Yine mi Putin?

ahmetcoskunaydin@hotmail. com

YAYINLAMA
GÜNCELLEME

 

 
 
Sevgili okurlarımızın hoş görüsüne sığınarak bir anı ile başlamak istiyorum yazıma. Bundan yıllar önce Günaydın gazetesinde birlikte çalıştığımız  deneyimli gazeteci Atilla Kızıltan'ın bir tanıdığı vardı. Adı da Fethi. Fethi sabah saat 07.00'den başlar akşama kadar Atilla'yı belki de 10 kere telefonla anlamlı anlamsız arardı. Atilla ise hoşgörüsünü elden bırakmaz her seferinde telefona çıkar ve Fethi'yi kırmadan dinlerdi.
 
Benim de onlarda misafir olduğum bir gün Atilla'nın ev telefonu çaldı. Telefona şimdi kendisi de ünlü bir gazeteci olan Altan koştu ve bağırarak, 'Baba yine Fethi!' diye babasına koştu. Bu anıdan hareketle geçen haftaki yazımın konusu Vladimir Putin'di. 
 
Ama hem Putin'in ülkemizdeki ziyaretini ve sonuçlarını ele almak, bir yandan da onun yeniden Dünya gündemine oturmasını değerlendirmek istedim. 
 
Putin, Türkiye'yi çok seven bir lider, bu sevgisini belki de ona candan bir misafirperverlik gösteren bir Mavi Tur kaptanıdır. Kim bilir? Çünkü Başkan Putin her fırsatta tanınmamış ve sıradan bir Rus olarak katılmış olduğu Ege'deki bir Mavi Tur'da gördüğü içtenliği ve misafirperverliği asla unutamadığını ifade eder. 
 
Rusya, artık Türkiye'yi rakibi değil ciddi bir yatırım alanı ve önemi her geçen gün artacak bir müşterisi olarak görüyor. 
 
Ülkemizin ilk nükleer santraline Rusya uzun vadede 20 milyar dolar yatırım yapmaya kararlı. Bunun yanında Sinop'ta kurulması düşünülen diğer nükleer santral için şimdiden hazırlığını yapıyor.
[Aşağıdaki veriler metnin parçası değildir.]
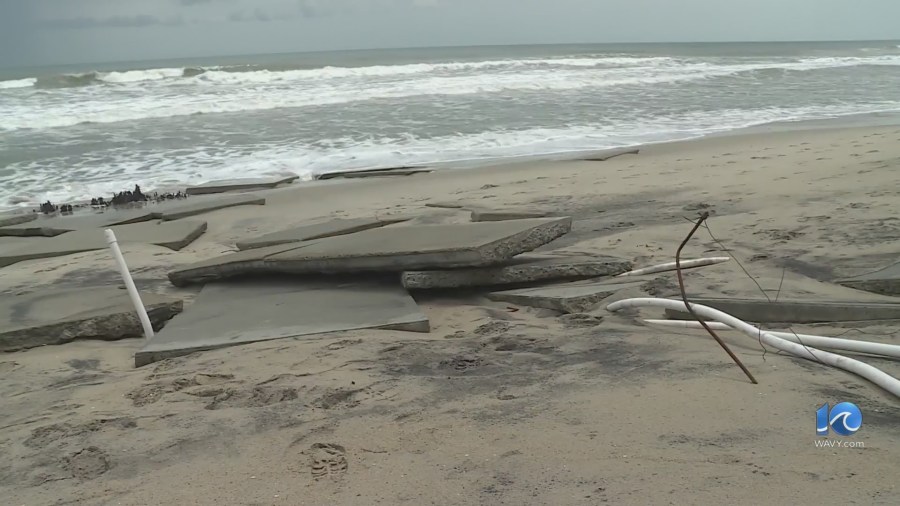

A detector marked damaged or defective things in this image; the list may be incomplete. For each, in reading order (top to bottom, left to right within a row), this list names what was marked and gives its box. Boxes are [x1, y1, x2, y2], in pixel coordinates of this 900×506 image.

broken concrete slab [185, 176, 300, 196]
broken concrete slab [0, 211, 37, 227]
broken concrete slab [0, 209, 156, 238]
broken concrete slab [0, 286, 185, 354]
broken concrete slab [0, 220, 206, 268]
bent pvc pipe [105, 229, 156, 340]
broken concrete slab [153, 193, 266, 220]
broken concrete slab [133, 278, 428, 366]
broken concrete slab [237, 216, 410, 250]
broken concrete slab [171, 217, 568, 286]
broken concrete slab [402, 253, 632, 288]
broken concrete slab [488, 278, 644, 314]
bent pvc pipe [616, 255, 736, 278]
bent pvc pipe [604, 296, 900, 400]
bent pvc pipe [640, 318, 900, 358]
broken concrete slab [660, 296, 900, 324]
broken concrete slab [832, 260, 900, 296]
Halen Rusya'da bulunan ve nükleer santral konusunda eğitim gören 114 öğrencinin sayısının kısa sürede 500'e çıkarılması hedefleniyor. 
 
Rusya bu atılımıyla bilimsel ve teknolojik alandaki deneyimlerini de hem gösterecek hem de ihraç edecek. 
 
Ülkemizin elektrik enerjisinin yüzde 55'inin doğal gaz santralleriyle elde edildiğini , ayrıca ısınmada da yine doğal gazın ağırlığını hesap edersek, ilişkilerin gelecekteki boyutu kendiliğinden ortaya çıkar. 
 
Rusya, Suriye konusundaki tavrını çok dikkatle masaya getirmedi. Esed'in (Esat) avukatı olmadığını söylemekle yetindi Putin. Diplomatik nezaketle, "Siz muhalefetin Avukatı mısınız?" gibi bir çıkışta da bulunabilirdi. Patriot füzelerini eskimiş bir teknoloji diyerek, belki de kendilerinde daha gelişmiş teknoloji olduğunu vurgulamak istedi. 
 
Bütün bunlar Vladimir Putin'in ülkemizle ilgili yaklaşımları. 
 
Onu yeniden Dünya gündemine oturtan konu ise her yıl yapılan ve 7 milyar 100 milyon insan arasından seçilen en etkili isimler arasında yer alması. 
 
Forbes Dergisi tarafından bu yılın en etkili kişiler listesinde ilk sırada Hüseyin Obama var. Onu ikinci sırada Almanya Başbakanı Angela Merkel izliyor. Vladimir Putin ise bu yıl üçüncü sırada yer alıyor. Putin bu sıralamalarda daha önceleri de ikinci ve dördüncü olmuştu. 
 
Etkili isimler sıralamasında sadece politikacılar yer almıyor. Din adamları ve zenginler de sıralamada. Örneğin Microsoft'un patronu ve 60 milyar dolar servetin sahibi Bill Gates sıralamada dördüncü. Onu Papa 16.  Benediktus izliyor. 
 
Sürpriz isimlerin de yer aldığı en etkili 71 insan arasında daha önce 48.  sırada yer alan Tayyip Erdoğan yok. Buna karşılık Kuzey Kore Devlet Başkanı Kim Jong Un listede yer almış durumda. 
 
Bir Putin muhabbeti bizi nerelere getirdi...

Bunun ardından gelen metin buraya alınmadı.